Le seuil d'ignition se rapproche... mais le chemin est encore long
Parvenir au seuil d'ignition est le graal pour les acteurs engagés dans cette course. Si cette dernière expérimentation constitue un progrès indéniable pour la recherche nucléaire, elle ne préfigure pas non plus un changement radical dans la façon dont l'énergie sera produite dans un futur proche.
"L'expérience actuelle produit une grande quantité d'énergie... mais seulement pendant une très courte période... Il reste encore un long chemin à parcourir", a souligné à des médias américains Brett Rampal, le directeur de l'innovation nucléaire à la Clean Air Task Force, un think tank sur la politique énergétique.
Les Américains ne sont pas les seuls à plancher sur cette technologie futuriste.

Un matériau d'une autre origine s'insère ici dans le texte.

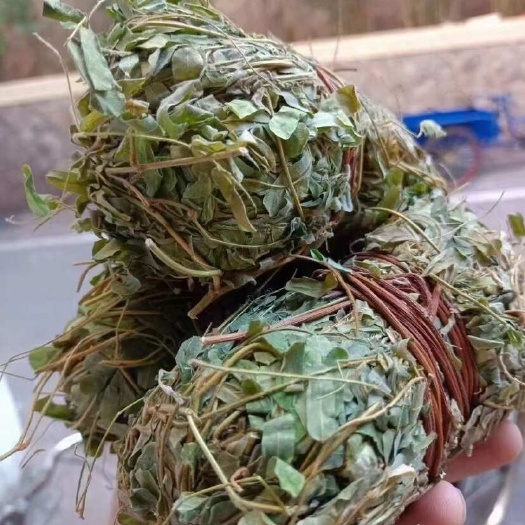 和平县鸡骨草
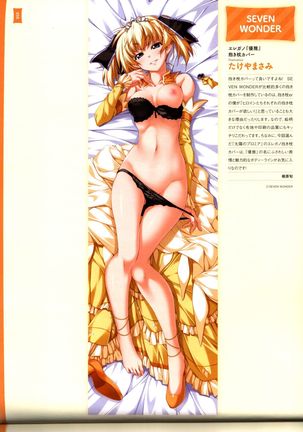 Dakimakura Cover Gashuu Bishoujo Game Hen Page #54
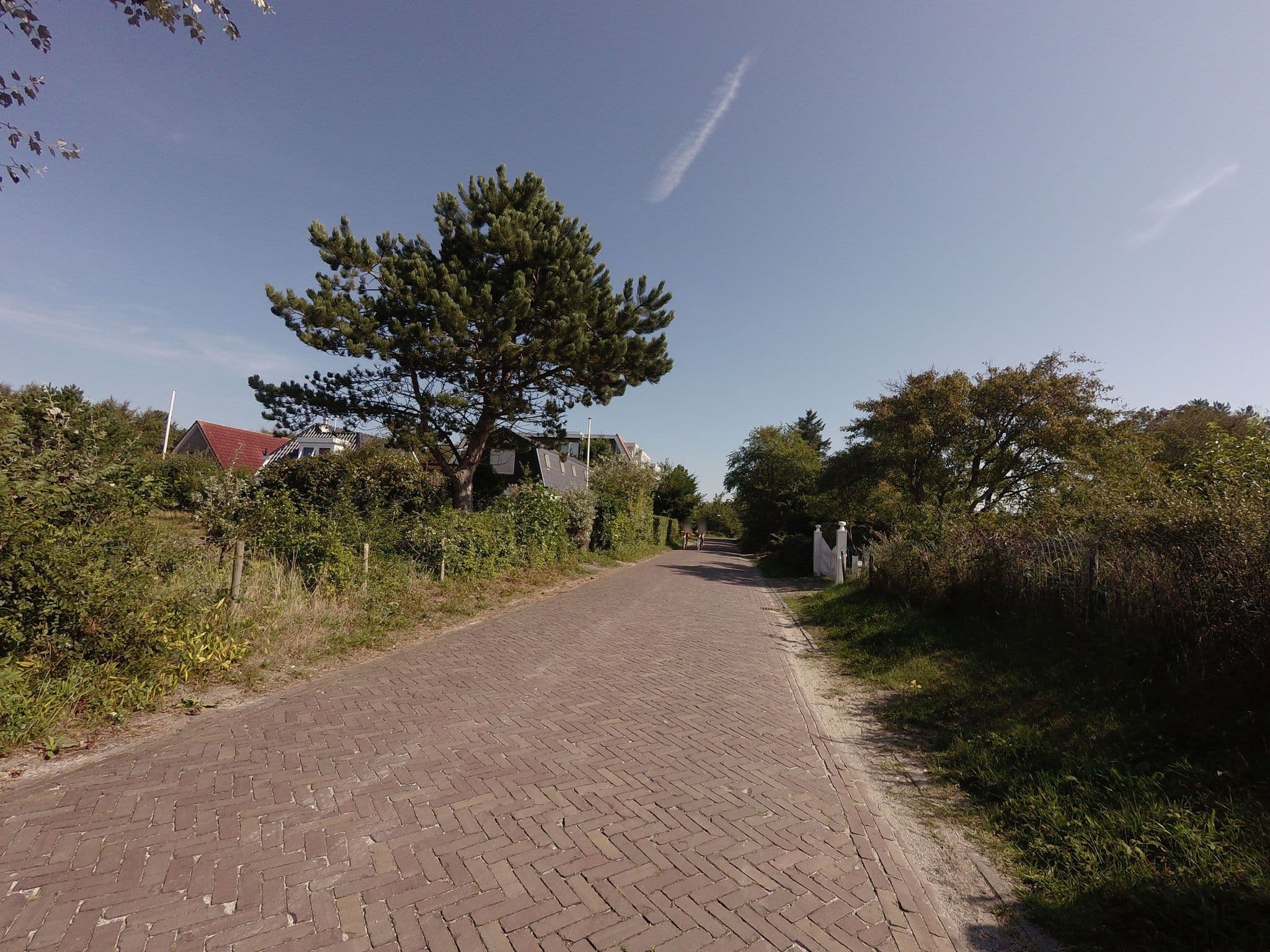 Street view near Santé, Ternaard — © ankeric (CC BY-SA · Mapillary)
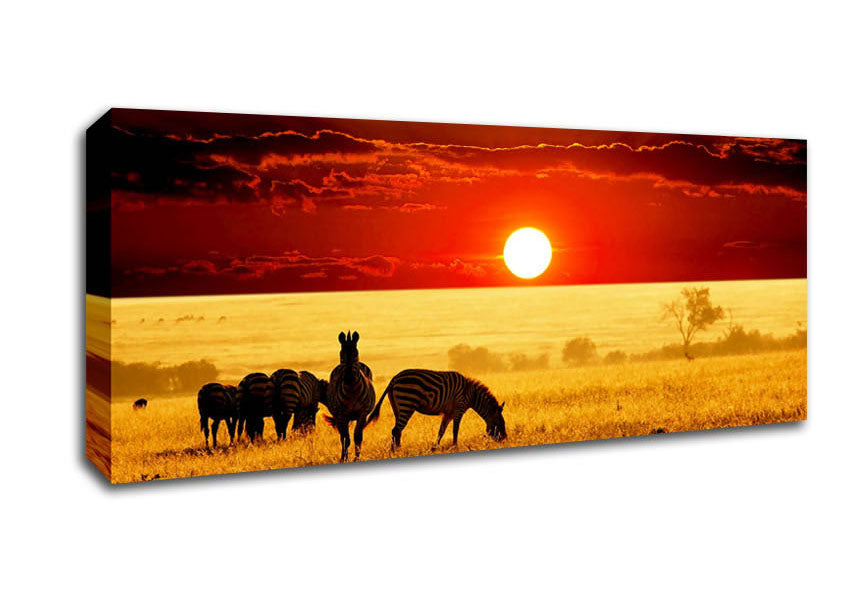 Picture of Zebras In The African Sun Panoramic Canvas Wall Art
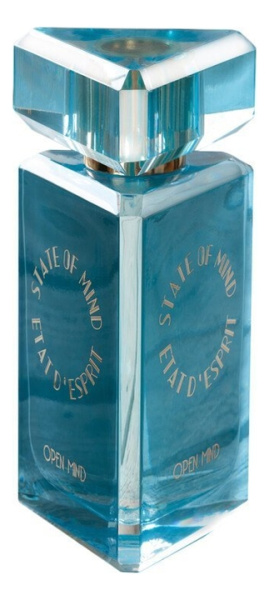 state of mind open mind 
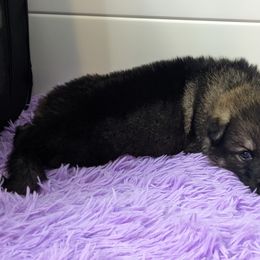 German Shepherd Puppies from Reign Land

Mené dans le sud de la France, le projet international Iter (pour International thermonuclear experimental reactor) vise également à maîtriser la production d'énergie à partir de la fusion de l'hydrogène. L'assemblage du réacteur a commencé il y a un an dans les Bouches-du-Rhône et la fin des travaux est fixée à décembre 2025. Iter ne produira jamais d'électricité. Ce projet, à plus de 20 milliards de dollars, vise simplement à démontrer la faisabilité scientifique et technique de l'énergie de fusion. Une première expérimentation à pleine puissance est espérée en 2035 et l'exploitation commerciale de la technologie n'est pas attendue avant 2055, voire 2060.
De plus en plus de startups
La Chine n'est pas en reste. Fin 2020, elle a activé un réacteur expérimental à fusion nucléaire. Baptisé "soleil artificiel", le réacteur Tokamak HL-2M est constitué d'une chambre magnétique qui génère une chaleur phénoménale dans le but de fondre des noyaux atomiques.
En parallèle de ces projets XXL, les petites initiatives privées se multiplient. Dans un nouvel ouvrage intitulé The Star Builders: Nuclear Fusion and the Race to Power the Planet, le professeur Arthur Turrell, par ailleurs président de l'Association de l'industrie de la fusion au Royaume-Uni, dénombre d'ores et déjà quelque 25 jeunes sociétés lancées dans la course à la fusion nucléaire. Parmi elles, First Light Fusion, spin-off de l'université d'Oxford au Royaume-Uni, ou encore la startup canadienne General Fusion, soutenue par Jeff Bezos.